Also called countably rectifiable set. A central concept in Geometric measure theory, first introduced by Besicovitch for $1$-dimensional sets in the plane. Rectifiable sets of the euclidean space can be thought as measure-theoretic generalizations of $C^1$ submanifolds. As such they have a dimension. In what follows we will use the terminology $m$-dimensional rectifiable set. Some authors prefer the terminology countably $m$-rectifiable set or, briefly, $m$-rectifiable.


Rectifiable subsets of the Euclidean space $\mathbb R^n$ can be defined in several ways. In what follows we denote by $\mathcal{H}^\alpha$ the $\alpha$-dimensional Hausdorff measure.

Definition 1 (cp. with Definition 15.3 of [Ma]) A Borel set $E\subset \mathbb R^n$ is a rectifiable subset of dimension $k$ if it has Hausdorff dimension $k$ and there is a countable family of Lipschitz maps $f_i: \mathbb R^k \to \mathbb R^n$ such that their images cover $\mathcal{H}^k$-almost all $E$.

Definition 2 (cp. with Definition 4.1 of [De]) A Borel set $E\subset \mathbb R^n$ is a rectifiable subset of dimension $k$ if it has Hausdorff dimension $k$ and there is a countable family of Lipschitz $k$-dimensional graphs of $\mathbb R^n$ which cover $\mathcal{H}^k$-almost all $E$ (a $k$-dimensional Lipschitz graph is a subset $G$ of $\mathbb R^n$ such that there is a system of orthonormal coordinates $x_1, \ldots, x_n$ and a Lipschitz map $(f^{k+1}, \ldots, f^n)=f:\mathbb R^k\to\mathbb R^{n-k}$ with \[ G=\{(x_1,\ldots x_k, f^{k+1} (x_1, \ldots , x_k),\ldots , f^n (x_1, \ldots , x_k))\}\, \Big)\, . \]

Definition 3 (cp. with Lemma 11.1 of [Si]) A Borel set $E\subset \mathbb R^n$ is a rectifiable subset of dimension $k$ if it has Hausdorff dimension $k$ and there is a countable family of $C^1$ $k$-dimensional submanifolds of $\mathbb R^n$ which cover $\mathcal{H}^k$-almost all $E$.

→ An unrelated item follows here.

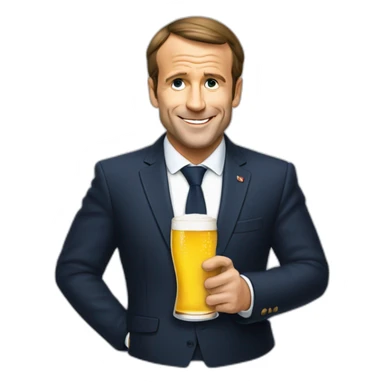 Macron bois une bière sticker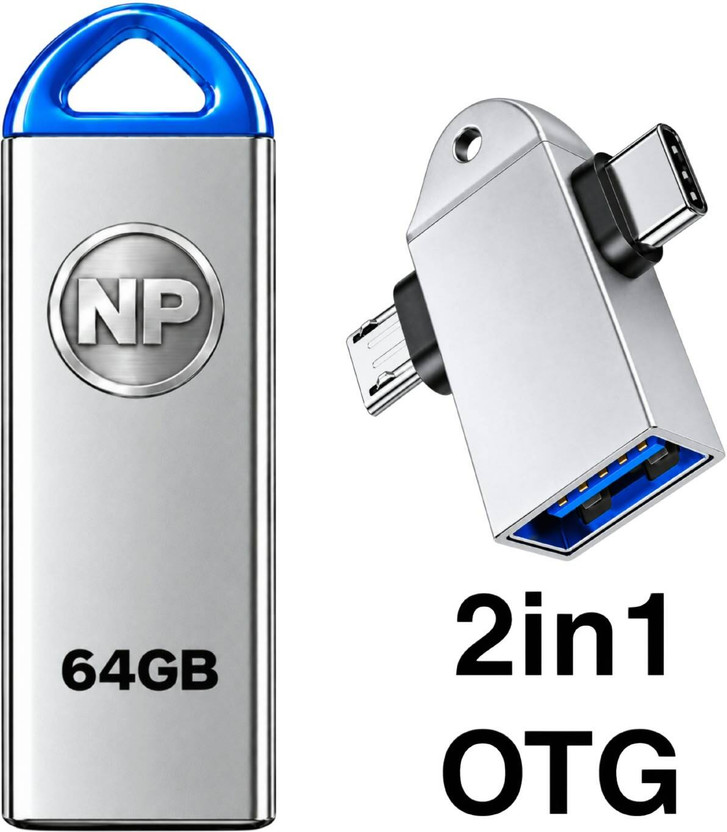NP NP 64GB PenDrive Quality OTG 64 GB OTG Drive Compatible with Audio Player, Desktop Computer, Gaming Console, Laptop, Mobile, Tablet, Television USB 2.0 Metal Case(Silver, Mobile Pendrive) - Flipkart Deal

All these definitions are equivalent (see Lemma 11.1 of [Si]). The first one can be easily generalized to define rectifiable subsets in metric spaces. The assumption that $E$ is a Borel set might be dropped. In that case, however, the set might not be $\mathcal{H}^k$-measurable (consider for instance a $C^1$ embedding $\gamma: [0,1]\to \mathbb R^2$ and the intersection $V$ of the usual Vitali set of $\mathbb R$ with $[0,1]$; the set $E:= \gamma (V)$ has Hausdorff dimension $1$, it can be covered by a single $C^1$ submanifold but it is not $\mathcal{H}^1$ measurable). In what follows we might assume that $E$ is $\mathcal{H}^k$ measurable: $\sigma$-finite $\mathcal{H}^k$-measurable sets can be decomposed into the union of a Borel set and an $\mathcal{H}^k$-null set.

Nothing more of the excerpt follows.